Небольшая хорошо обставленная квартира, в которой они жили вдвоем, многим напоминала Италию — репродукции с картин и фотографии на стенах, старинная посуда в серванте, статуэтки на полочках.
Жена М. А. Костылева оживленно говорила о Риме, Милане, Венеции, показывая то статуэтку волчицы, вскормившей Ромула и Рема, то какие-то кубки, брелки, фотографии наших общих итальянских знакомых. Эта маленькая экскурсия по квартире доставляла ей огромное удовольствие, и я чувствовал себя, как в гостях у близких родственников, хотя поток ее слов вверг меня в смущение.
В конце концов Михаил Алексевич не выдержал и, добродушно посмеиваясь, перебил супругу:
— Ты совсем заговорила гостя. Айткешу, наверное, хотелось бы самому что-нибудь рассказать нам.
— Ой, извините!— опомнилась она.— Прошу к столу.. На журнальном столике были приготовлены вино, фрукты, конфеты. Мы сели с Михаилом Алексеевичем друг против друга, и, как старые друзья, повели разговор, а его жена, чтобы не мешать, пристроилась перед телевизором.
Рассказал М. А. Костылеву о всех мытарствах, злоключениях и успехах. Слушал внимательно, не перебивая. Потом произнес:
— Хотите правду? Я тогда знал, что по возвращении в Союз вас арестуют.
— Знали? И даже не намекнули мне?
— Не имел права. Если бы сказал, мне пришлось
бы очень плохо. Единственное, что пытался для вас сделать—оттянуть отъезд... Это счастье, что вы уцелели.
В разговоре с ним я понял, что Михаил Алексеевич никогда не был в Казахстане, хотя исколесил полсвета, но многое слышал о нашей республике, ее людях, богатствах, с большой симпатией относился к Д. А. Кунаеву, статьи и выступления которого читал в газетах.
Потом перелистывали семейный фотоальбом, и М. А. Костылев показывал снимки с А. И. Микояном, В. Молотовым, С. М. Буденным, с которыми часто встречался, будучи на дипломатической работе. Больше всего меня заинтересовали его фотографии с А. М. Горьким. Еще до войны, работая в торгпредстве СССР, Михаил Алексеевич часто встречался с пролетарским писателем в Италии. Алексей Максимович жил трудно, часто болел, а М. А. Костылев, как мог, помогал ему материально. Позднее он сопровождал писателя в Москву.
— Мамедова помните?— спрашивал Михаил Алексеевич.— Он был у нас в посольстве гражданским атташе. Потом переводчиком в Нюрнберге на процессе главных военных преступников.

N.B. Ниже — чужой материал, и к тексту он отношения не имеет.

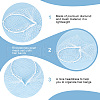 Fingerinspire 2Pcs 2 Styles Bridal Rhinestones Pearl Mesh Veil Cloth Hair Bands MRMJ-FG0001-16A-4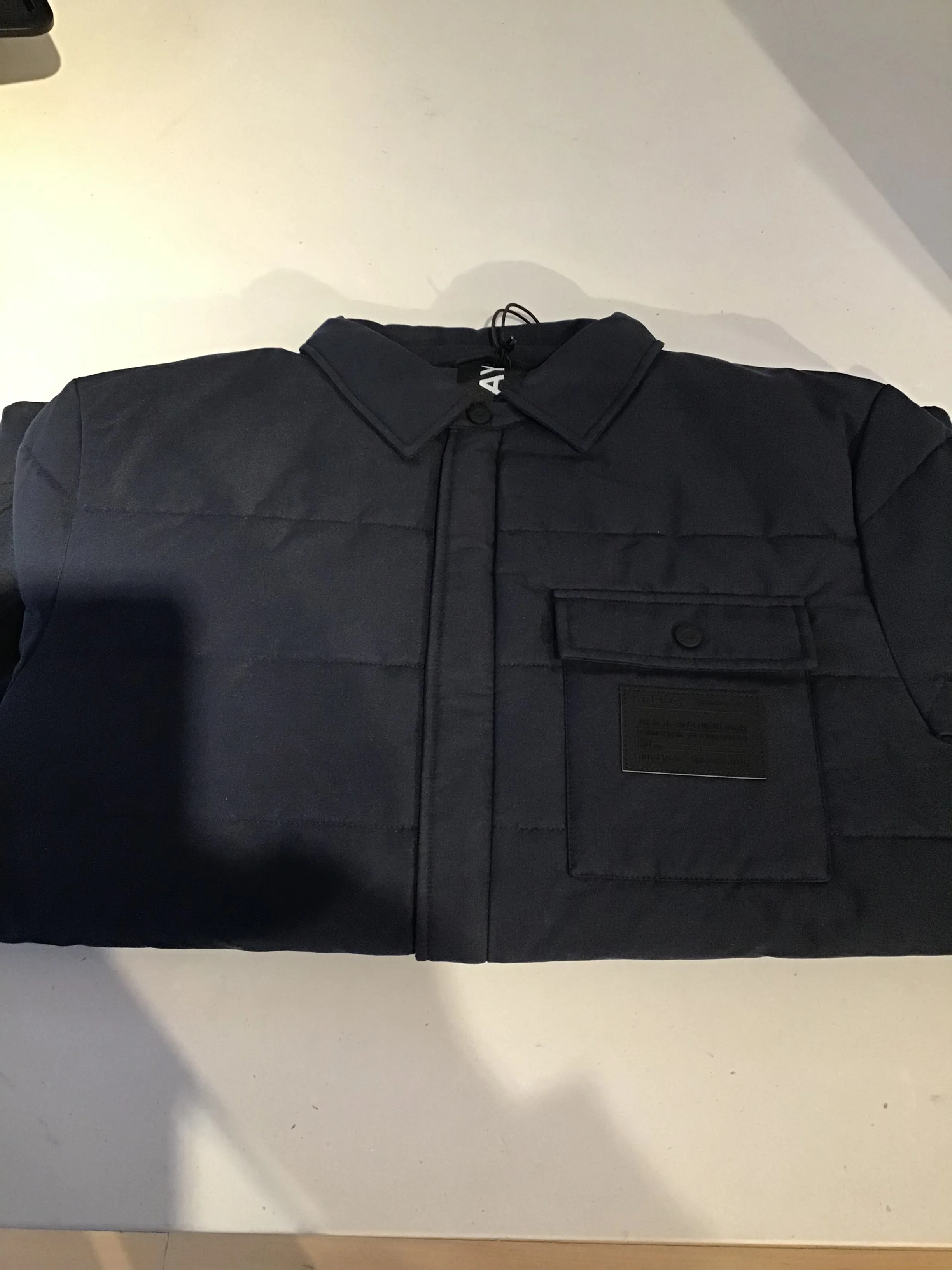 REPLAY Puff Jacket Navy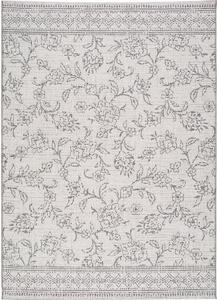 Sivi vanjski tepih Universal tkati cvjetni cvijet, 77 x 150 cm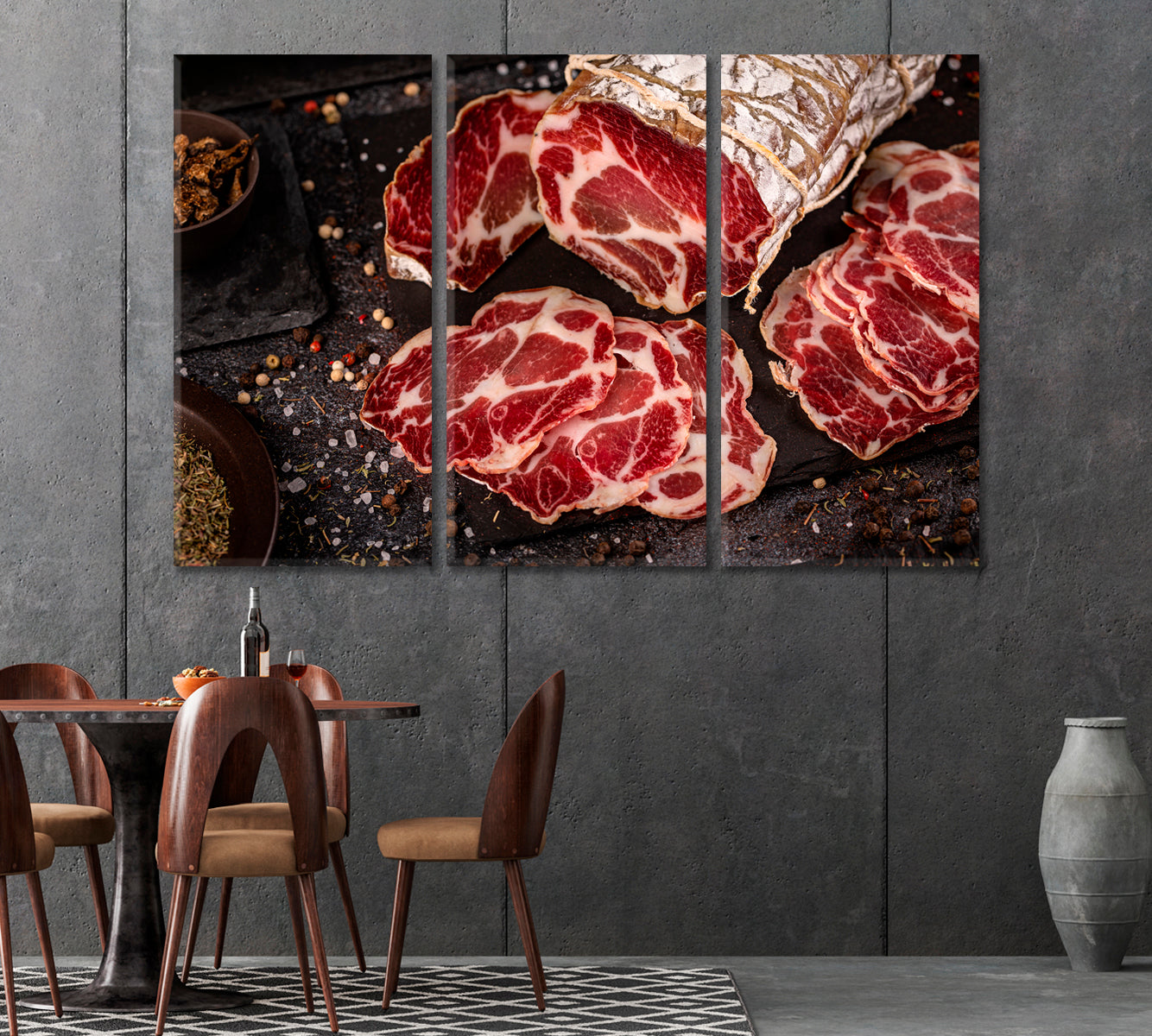 Spanish Jamon Canvas Print-Canvas Print-CetArt-1 Panel-24x16 inches-CetArt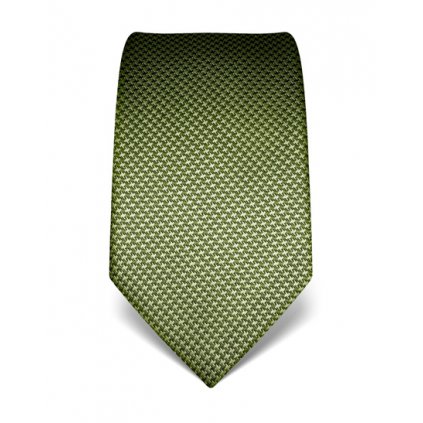 Tmavě zelená kravata Vincenzo Boretti 21989 - kohoutí stopa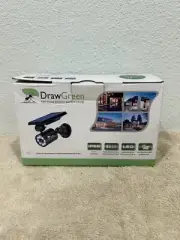 DrawGreen A Solar Outdoor Motion Sensor,1400-Lumens Bright LED Spotlight NIB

— Энвера Азимовича? Ну, как же! Где он теперь живет и работает?
— На Пятницкой. В Гостелерадио. Вы обязательно зайдите к нему. И Мартынова найдите. Помните его? Они обязательно помогут вам документально подтвердить работу в посольстве.
Когда прощались, М. А. Костылев сказал:
— Двадцать пять лет прошло, четверть века! А он ведь ничего не забыл и пришел. Другие уже и не вспоминают о моем существовании, а он разыскал. Это, наверное, только казах может.
Сказал искренне и просто. Я уходил от Костылевых с чувством глубокой признательности.